I have no idea how it was acclaimed. When I had XM it sounded terrible. They had that stupid toejam thing were they would techo 80's songs. Plus they would play a lot of 80's songs that no one had ever heard of. I like having deep playlists,but playing a lot of crap songs that know one knows is way overboard. I liked the Big 80's on Sirius a lot more. Now I'm back to hating it. The merger really screwed up both companies subscribers.


----------



## paulman182 (Aug 4, 2006)

"A lot of 80s songs that no one ever heard of" can be interpreted to mean "deep playlist."

Not that I'm defending or condemning the company, just commenting that sometimes programming is a no-win situation.


----------



## dcowboy7 (May 23, 2008)

ChrisPC said:


> I noticed that all the decades channels have just pop, instead of harder rock.
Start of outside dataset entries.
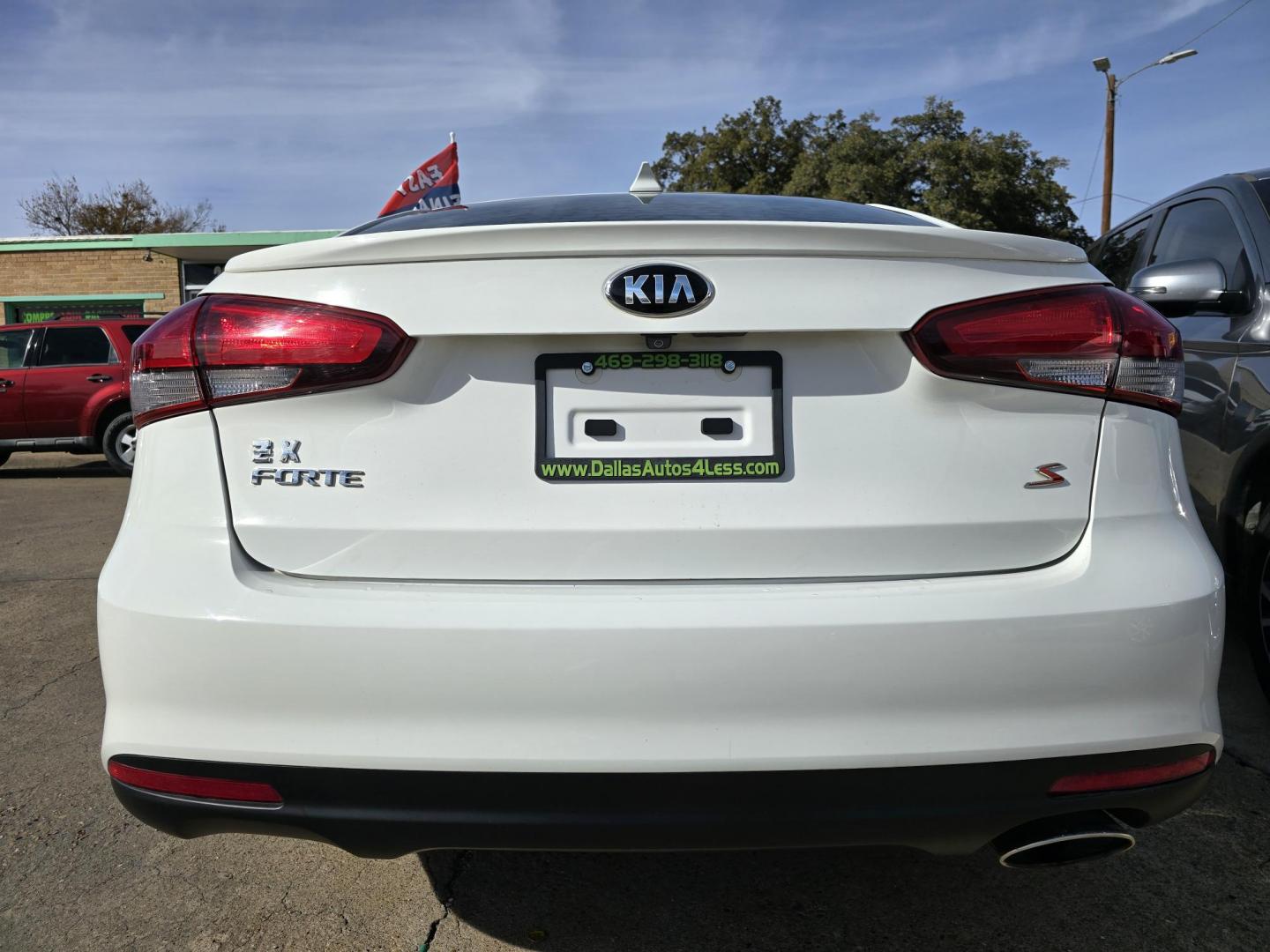 2018 WHITE Kia Forte LX (3KPFL4A74JE) with an 2.0L L4 DOHC 16V engine, AUTO transmission, located at 2660 S.Garland Avenue, Garland, TX, 75041, (469) 298-3118, 32.885387, -96.656776 - Photo#4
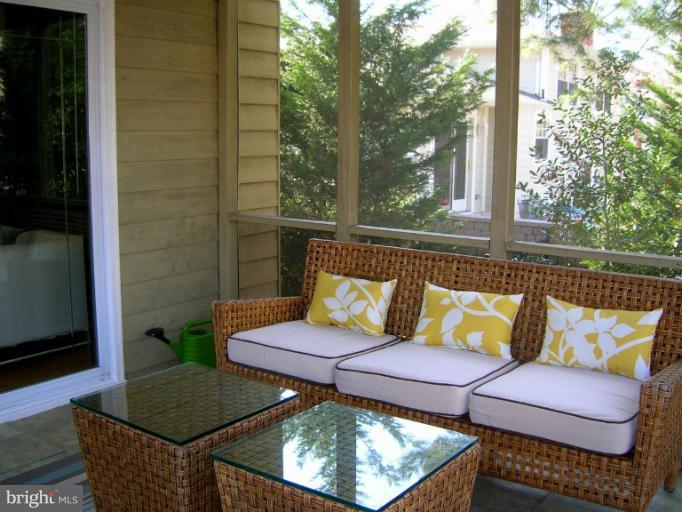 224 Cape St John Road Annapolis, MD 21401 - Photo 18 of 30 Screened Porch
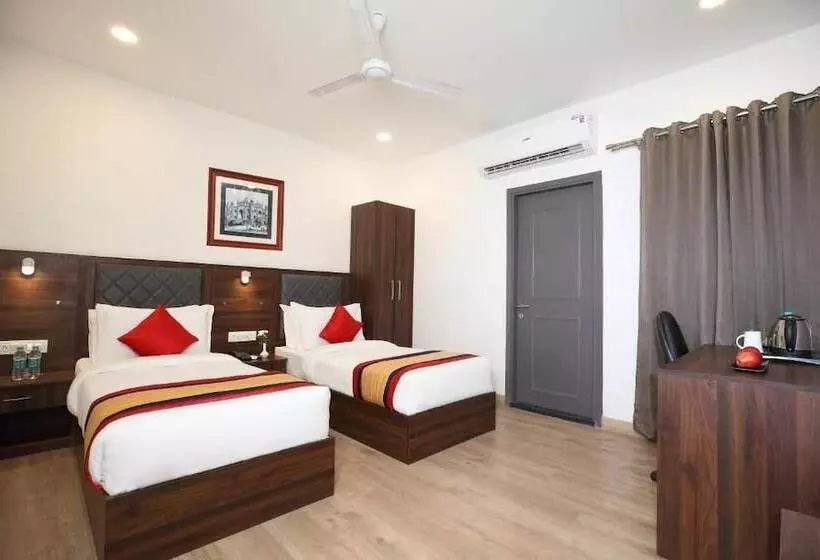 Click Hotel Transport Nagar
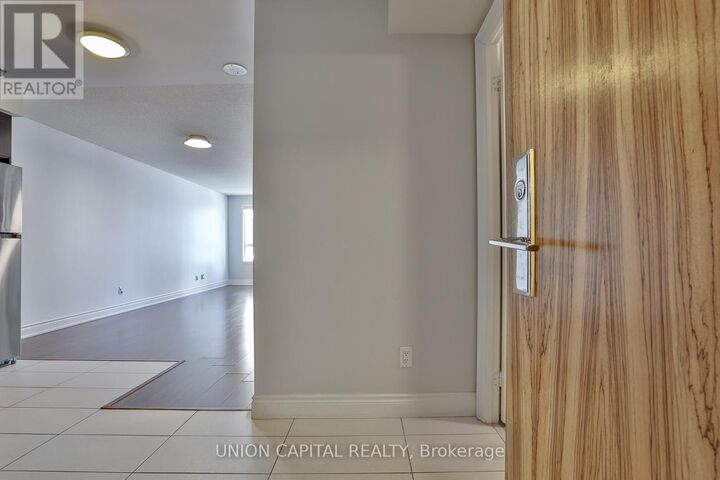 Property Photo:  60 South Town Centre Boulevard 317  ON L6G 0C5 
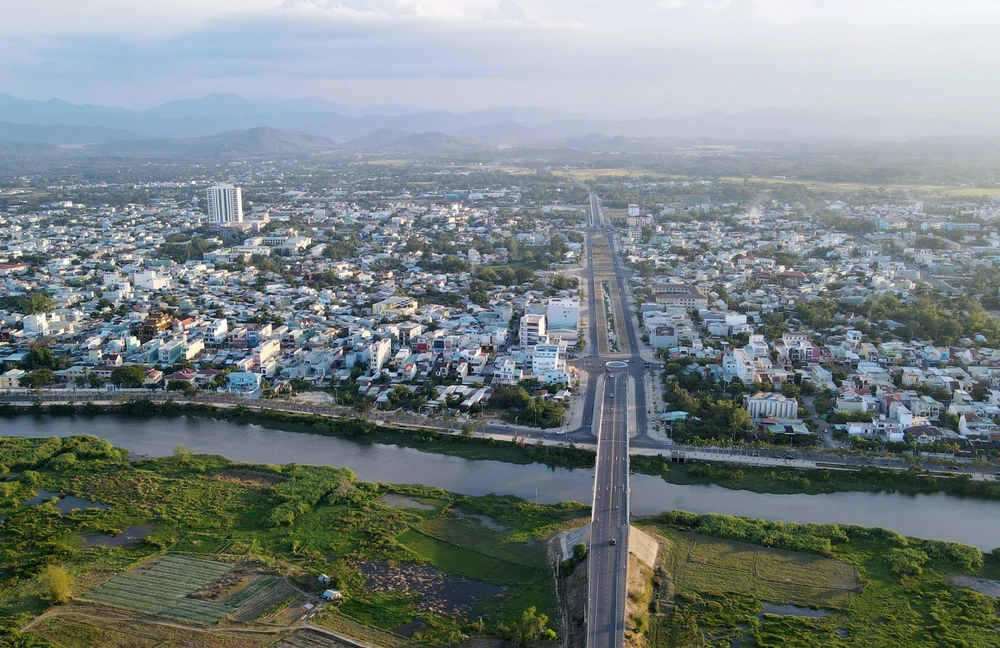 Một góc TP Tam Kỳ nhìn từ trên cao. Ảnh: TN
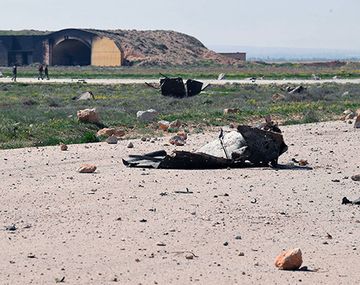 Así quedó la base militar bombardeada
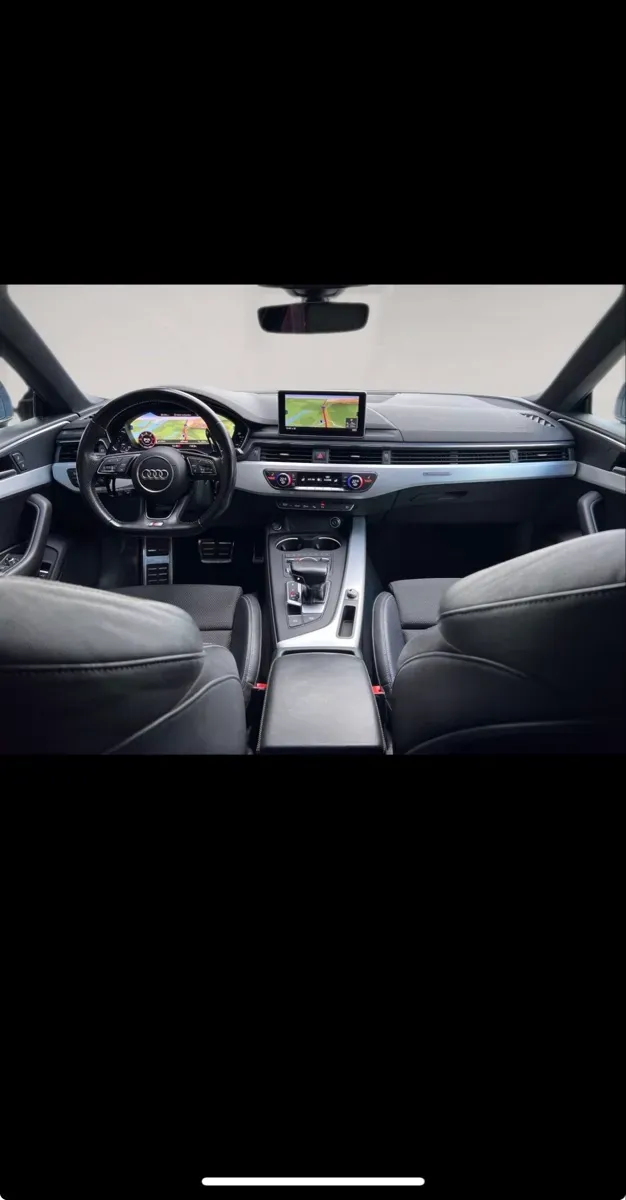Audi A5 2017 photo 2
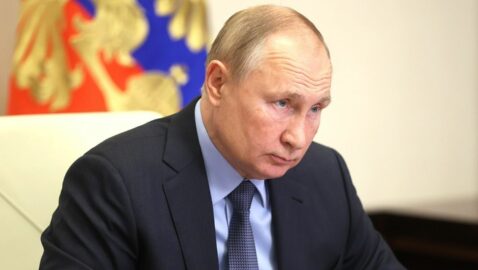 Путин заявил, что происходящее на Донбассе напоминает геноцид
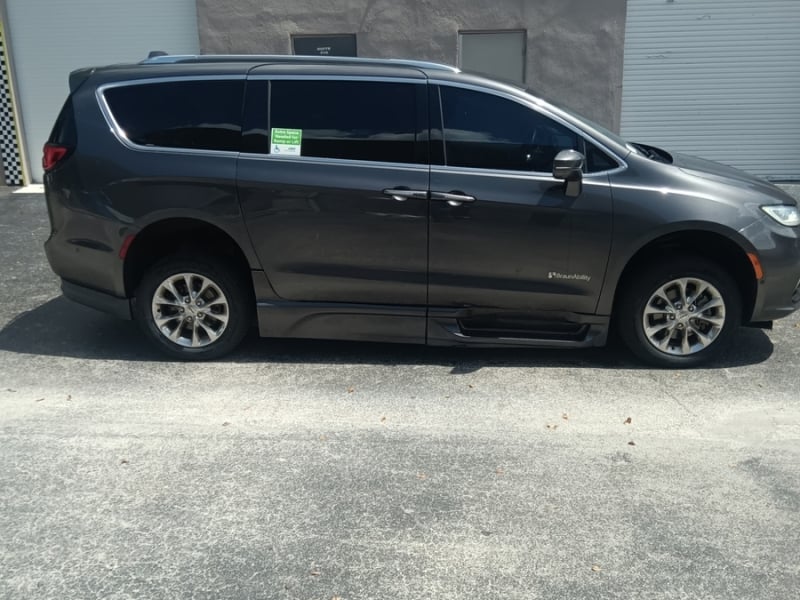 2021 Chrysler Pacifica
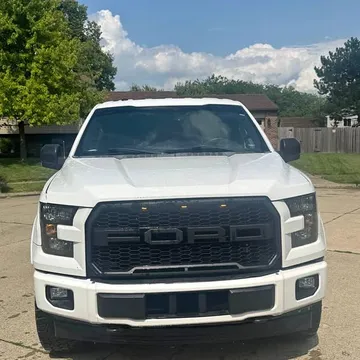 2016 Ford F150 SuperCrew Cab XLT Pickup 4D 5 1/2 ft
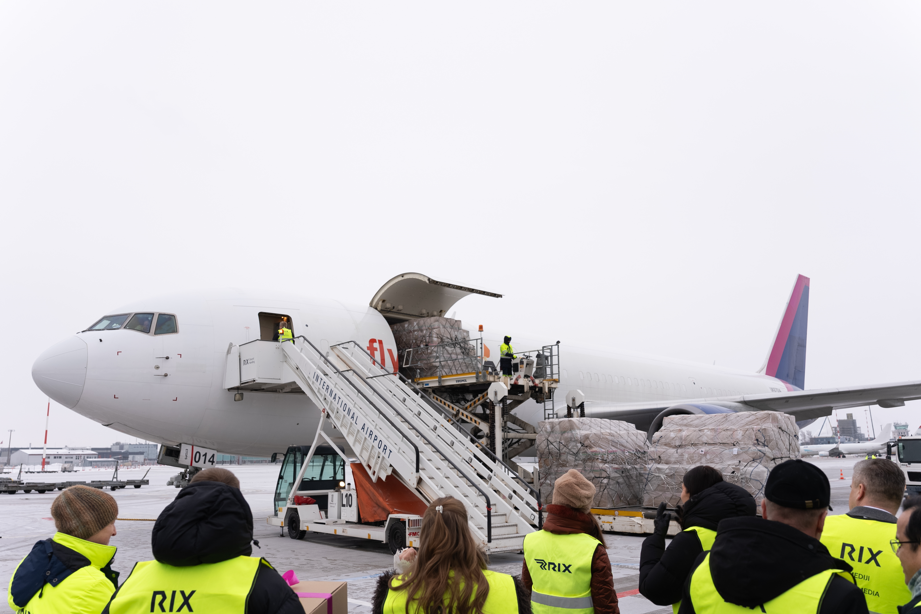 lidma&scaron;īna ar kravu priek&scaron;plānā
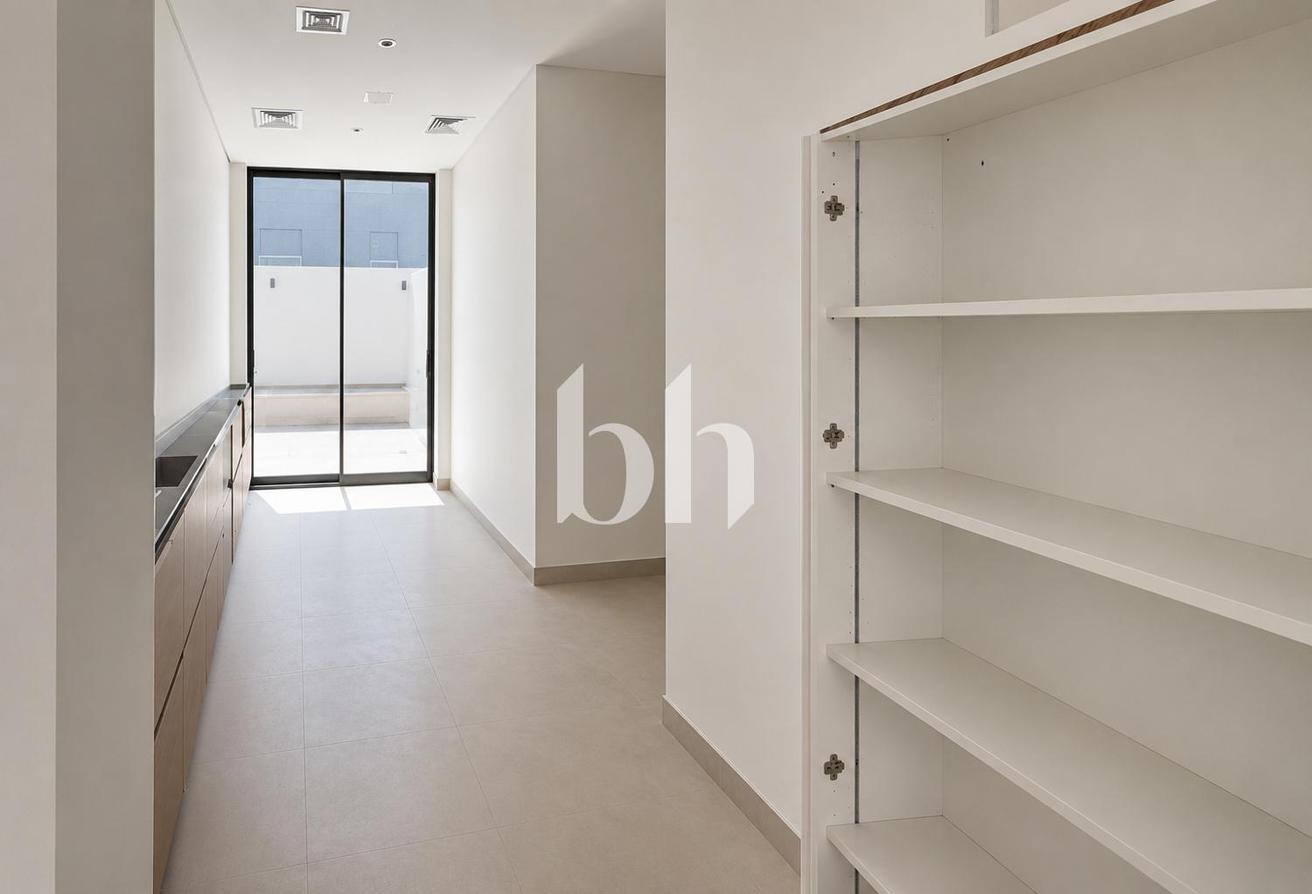 Modern | Brand New | Pool | BBQ | Amazing Roof Top photo 5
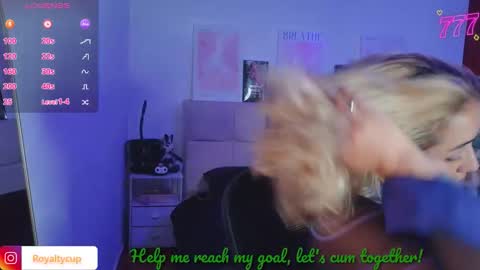 Snapshot of thatgirl2003 chatting on 03/14/26, 03:12 online show from 03/14/26, 03:12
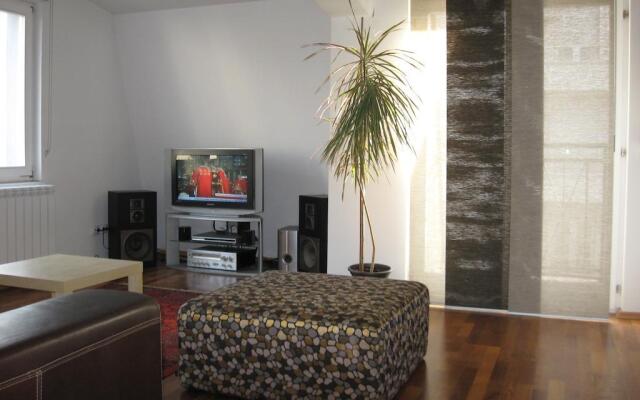 Apartment S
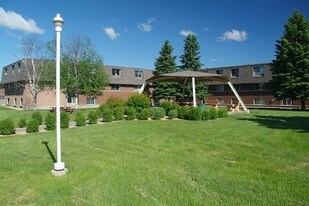 413 N Edward St in Thunder Bay, ON - Building Photo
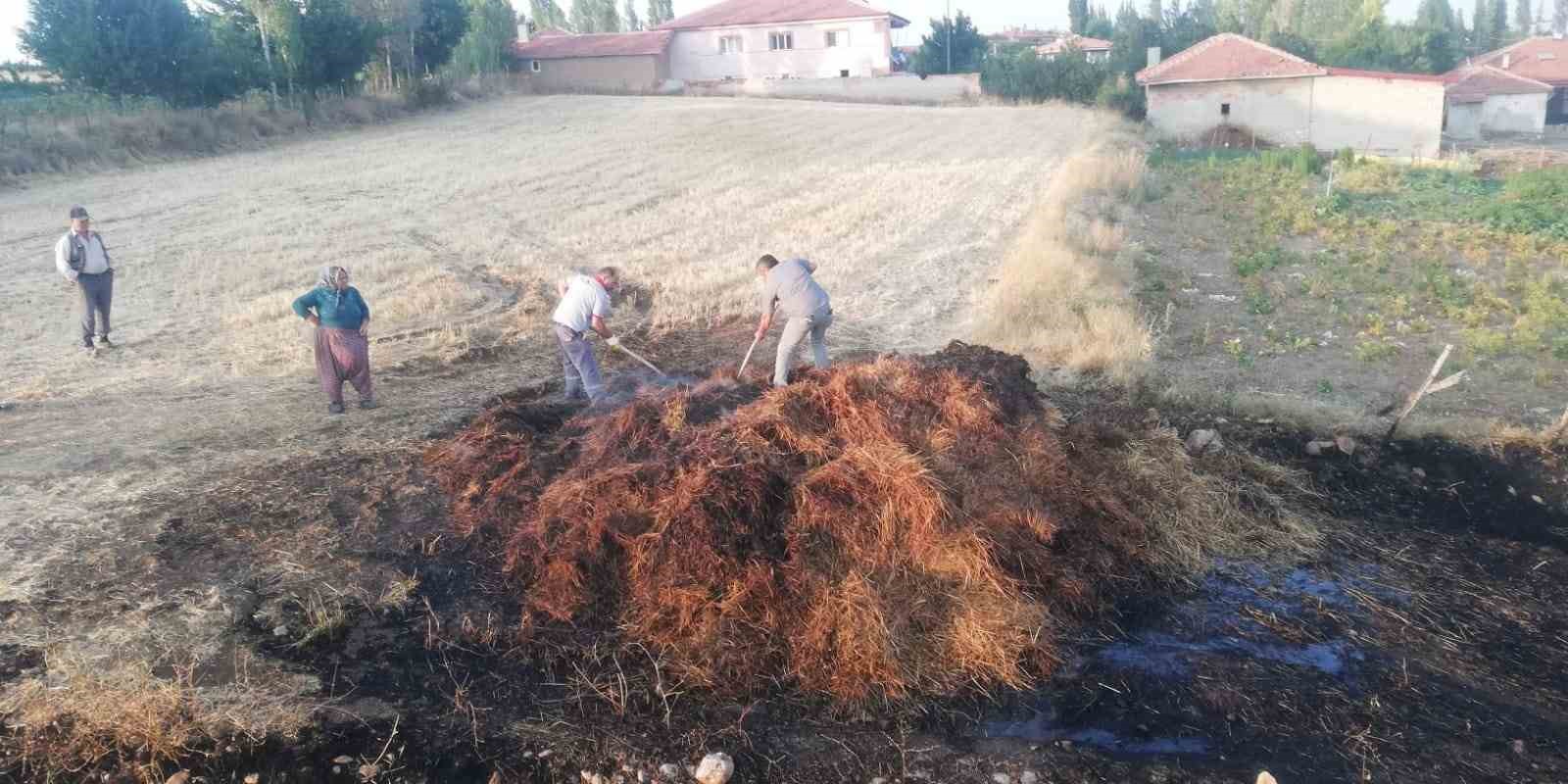 Çorum’da tarlada çıkan yangında 300 adet balya kül oldu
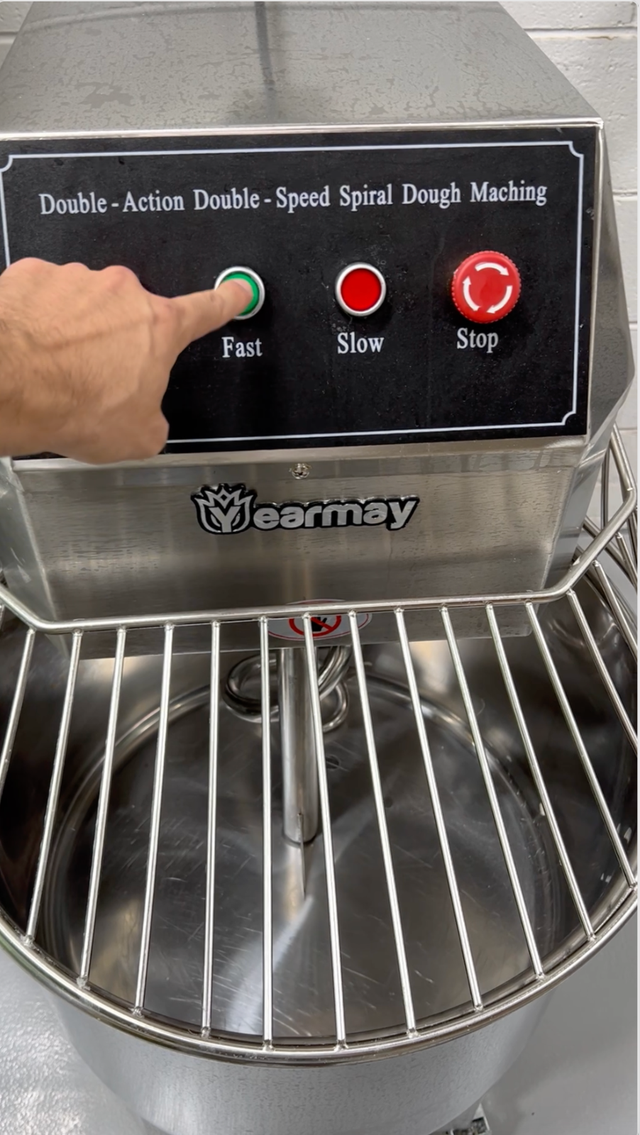 LARGE 80L Industrial Food Mixer – MF-SSD-80 (2600W, 220V) in Industrial Kitchen Supplies in City of Toronto - Image 3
they arent even called decades channels now....on the xm site they are listed as pop.


----------



## max1 (Aug 12, 2005)

of course you realize that there is classic rewind 70's 80's classic rock, first wave 80's alternative,the blend 70's 80's 90's soft rock,so maybe that's why they changed to pop on the 80's channel. you can always listen to those channels classic rewind is a great channel.


----------



## full moon (Sep 3, 2007)

The playlists are for people that have a short attention span. They are a joke..


----------



## theedger (Mar 31, 2008)

80's at 181.fm has been running circles around 80's on 8 for some time. 977 was too cluttered, they didn't seem to have a flow. You'd think that with all the money the sats have spent that they could get a gold format correct.


----------



## zman977 (Nov 9, 2003)

Now for me I like the sound of the 80's channel now. I like that it is more pop. If I want to hear rock I can turn on Classic rewind, first wave, hair nation, etc. Too me the sound of the 80's channel has improved sense the merger. Now I had a chance to hear the XM 80's channel before the merger through Direct TV and I liked the SIRIUS version better and think it is better sense the merger.


----------